Return the lines of the material below exactly, beginning with the line that has "Good morning. We" in it and finishing with the line that has "What is up everyone, this" in it. Leave all pictures aside.

SOURCE DATA ::
▽

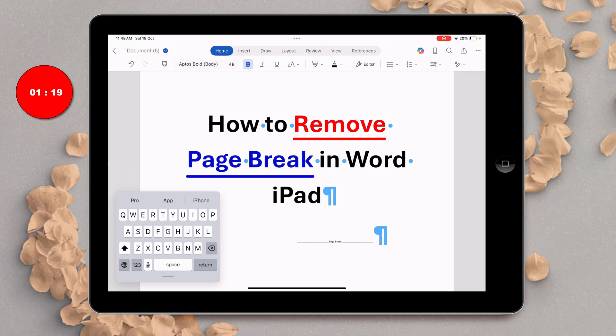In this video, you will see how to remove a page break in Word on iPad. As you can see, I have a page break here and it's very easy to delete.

△
▽

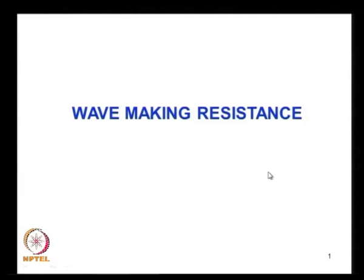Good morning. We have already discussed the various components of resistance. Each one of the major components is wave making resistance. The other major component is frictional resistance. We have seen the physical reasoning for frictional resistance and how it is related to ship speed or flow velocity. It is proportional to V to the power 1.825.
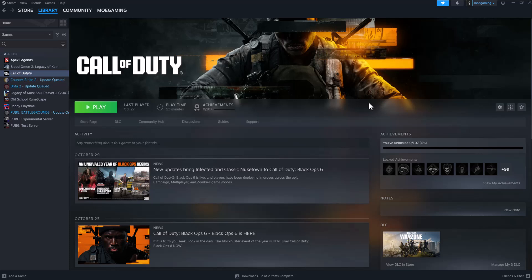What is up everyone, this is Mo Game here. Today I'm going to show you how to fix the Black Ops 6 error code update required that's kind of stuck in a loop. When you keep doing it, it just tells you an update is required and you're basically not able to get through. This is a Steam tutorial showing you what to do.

△
▽

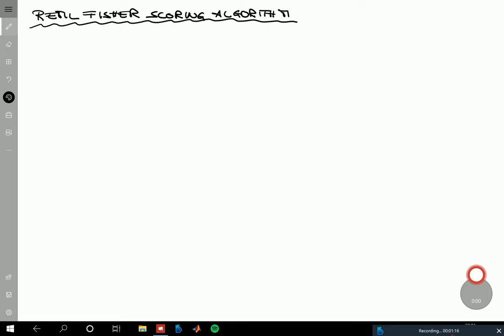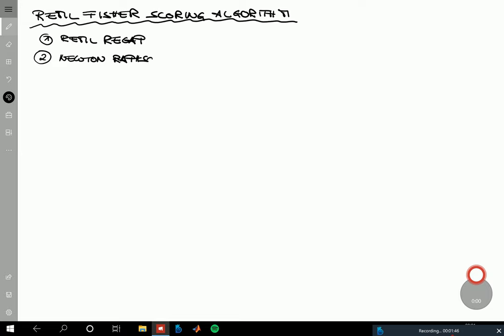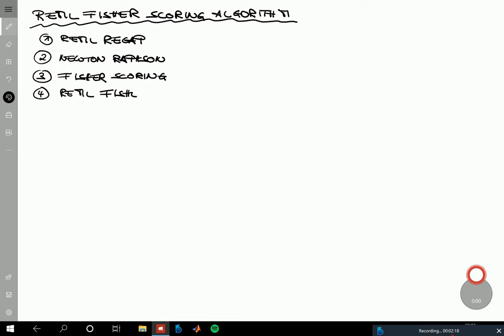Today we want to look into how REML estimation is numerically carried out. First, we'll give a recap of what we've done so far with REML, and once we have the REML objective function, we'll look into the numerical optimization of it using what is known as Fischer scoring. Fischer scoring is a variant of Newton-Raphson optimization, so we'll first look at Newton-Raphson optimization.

△

REPLY ::
Good morning. We have already discussed the various components of resistance. Each one of the major components is wave making resistance. The other major component is frictional resistance. We have seen the physical reasoning for frictional resistance and how it is related to ship speed or flow velocity. It is proportional to V to the power 1.825.
What is up everyone, this is Mo Game here. Today I'm going to show you how to fix the Black Ops 6 error code update required that's kind of stuck in a loop. When you keep doing it, it just tells you an update is required and you're basically not able to get through. This is a Steam tutorial showing you what to do.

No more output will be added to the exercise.